Within this fast-moving regulatory environment, Know Your Customer (KYC) and anti-money laundering (AML) professionals need to be aware of the blind spots that could jeopardise the financial crime screening process, such as:
- Dynamic Risk Profiles
- Changing Regulations
- Elusive Ownership Structures
Reducing AML / CFT risks in counterparty relationships
Some of the basic risk factors include – Nested Accounts, Shell Banks, Customers of Customers, Sanctions, Geographical risks, Limited data sets, among others.
Banks entering into correspondent relationships need to be confident that all correspondent and respondent banks in the chain have the right controls and governance in place, and that their KYC, AML and other due diligence procedures are robust.
Best practice due diligence answers three questions:
- Who is the client?
- Can I do business with them?
- Should I do business with them?
Conducting specific enhanced due diligence (EDD) on relationships is the key, but answering these questions is enormously time-consuming if done manually.
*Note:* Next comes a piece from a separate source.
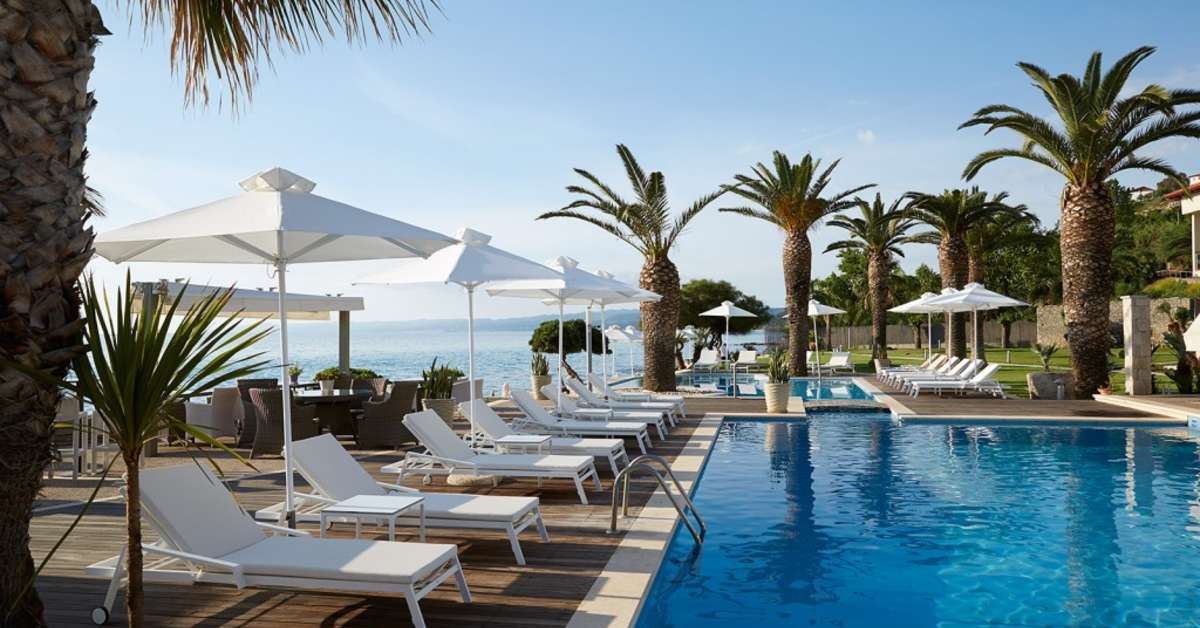 Een foto van het zwembad bij Afitis The Boutique Hotel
Automated KYC, AML, payments and sanctions screening provides confidence that enhanced due diligence has been carried out in line with the bank’s risk profile.
The array of counterparty solutions allows banks to rapidly examine the identity of customers, establish Ultimate Beneficial Owners of entities, screen for Politically Exposed Persons (PEPs) and negative news if required, and carry out other enhanced due diligence checks cost effectively, without inconveniencing legitimate customers. This is why 79% of firms see automation of processes such as KYC as their priority.
It is vital to remember that fighting financial crime is an ongoing game of cat and mouse. Criminals are constantly looking for – and finding – new opportunities to exploit international rules and banking systems, while banks work tirelessly to plug any gaps. This is an ongoing fight and today’s anti-financial crime measures will not be sufficient tomorrow.
It is crucial for institutions to constantly review their procedures, provide regular training to their team, and optimize the technology used in their fight against financial crime and counterparty risk management.
By creating a correspondent banking network that instils confidence and reliability in those that use it, we can win the fight against financial crime and create greater financial inclusion across the world. A fight worth winning.